We are curious creatures. We want to know who did it, why they did it, and how it all unfolded.

Unfortunately, there are a number of reasons why releasing evidence to the public can irreversibly damage an ongoing investigation.

Withholding evidence can protect the investigation against false confessions.

The most obvious reason to withhold evidence is to protect the investigation against false confessions.

In the past, people have confessed to crimes that they didn’t commit. Some were mentally ill, while others simply “snapped” due to the pressure of being interrogated.

There have also been examples of people incriminating themselves to protect loved ones.

By withholding key details, the police can figure out if someone is being honest or not. If the person’s account of the crime doesn’t line up with evidence that has been withheld from the public, then the investigators will quickly realize that they are lying.

Fake witnesses exist.

Unfortunately, there are a small minority of people out there who like to insert themselves into big cases—especially ones that receive a lot of media coverage.

These attention-seekers will lie and claim that they witnessed something that never happened.

They might say that they interacted with the victim or that the main suspect in the case attempted to harm them.

For example, over the years, dozens of women have claimed that they narrowly survived an encounter with serial killer Ted Bundy. However, many of these claims weren’t made until after he was convicted and the details of his crimes came to light.

Sadly, some people will lie to feel important, regardless of what damage their dishonesty might cause.

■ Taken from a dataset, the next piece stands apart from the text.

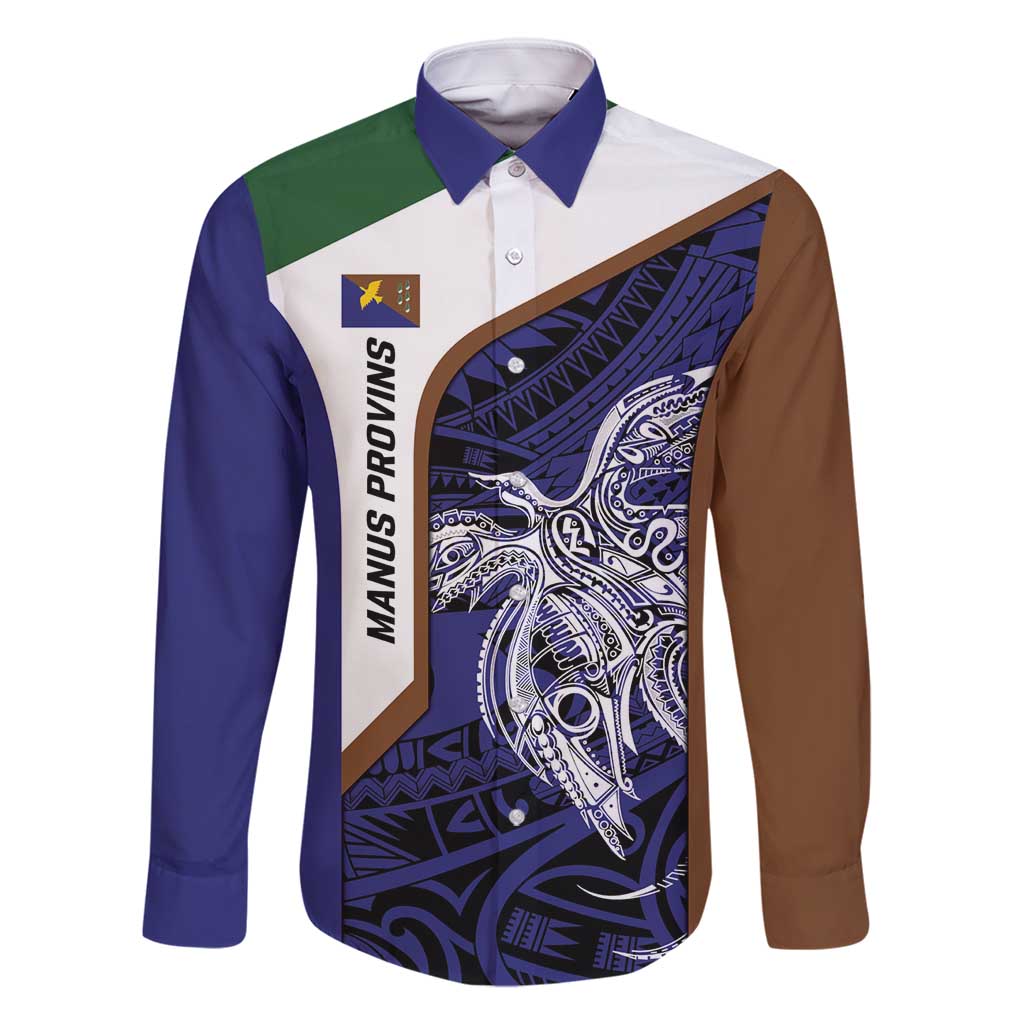 Personalised PNG Manus Province Family Matching Off Shoulder Short Dress and Hawaiian Shirt Bird of Paradise Tattoo Flag Motif LT9 Dad's Shirt - Long Sleeve Blue - Polynesian Pride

When these types of people come forward to “help”, investigators can sometimes weed them out by comparing their claims against the evidence.

People are often unreliable witnesses.

Honest witnesses can also be unreliable, as people will often recall conflicting details about the exact same event.

Simply put, our memories aren’t as accurate as we like to think they are.

Despite this, certain people have an unshakeable and stubborn belief in their own recollection of events. They can also become highly defensive if you even raise the possibility that they might have been mistaken.

For example, you or I might say, “I think that I saw Joe Bloggs’ car”, whereas they will confidently state, “I swear, I definitely saw Joe Bloggs’ car!”

Again, withholding evidence can be a powerful tool to deal with these kinds of witnesses.

If they are “certain” that they saw the victim somewhere, but phone records and surveillance footage contradict their sighting, then the police will write their statement down, thank them for coming forward, and never contact them again.

Of course, these are the same people who often appear in the media at a later date, claiming that the police gave them the cold shoulder. And of course, the media will give them a platform simply because they don’t have access to the evidence that proves they were mistaken.

Releasing evidence can influence the offender’s behavior.

Releasing too much evidence can influence the offender’s behavior and jeopardize an ongoing case.

For example, a key piece of evidence might provide a hint about his identity or how he committed the crime.

In this case, it is better to keep your cards close to your chest.

If he learns that investigators are honing in on a certain area or aspect of his crime, then there is a good possibility that he will destroy key evidence that he previously thought was safe.

If the way in which he operates provides a vital clue about his background, then he may purposely modify his behavior to mislead the police.

People often forget that the offender will usually pay close attention to media coverage of their crimes. When the police release a piece of evidence to the public, they are also releasing it to him.